> **Directions**
Output word for word the lines from the one with "Dayin Food Омлет с сосиской" to the final line of the data, both ends included, but skip the pictures.

> **Supplied data**

● ● ● ● ● ● ●

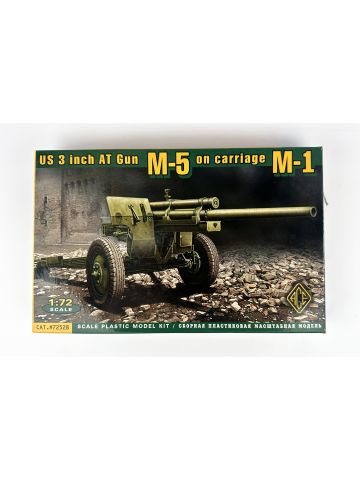 Ace 72528 US 3 Inch AT Gun M5 on Carriage M1 (Early Version) 1/72 Scale Kit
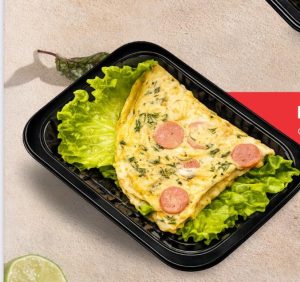Dayin Food Омлет с сосиской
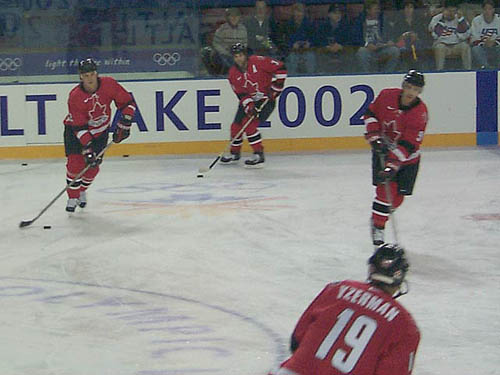 Adam Foote, Steve Yzerman, Michael Peca, Joe Sakic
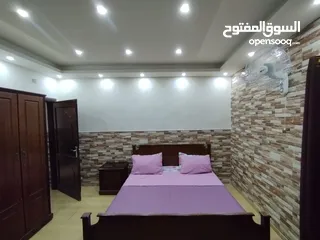  27 شقة مفروشة مكيفة تاجير شهري يومي ضاحية الرشيد حي الجامعة الاردنية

● ● ● ● ● ● ●

> **Finished task**
Dayin Food Омлет с сосиской
 Adam Foote, Steve Yzerman, Michael Peca, Joe Sakic
  27 شقة مفروشة مكيفة تاجير شهري يومي ضاحية الرشيد حي الجامعة الاردنية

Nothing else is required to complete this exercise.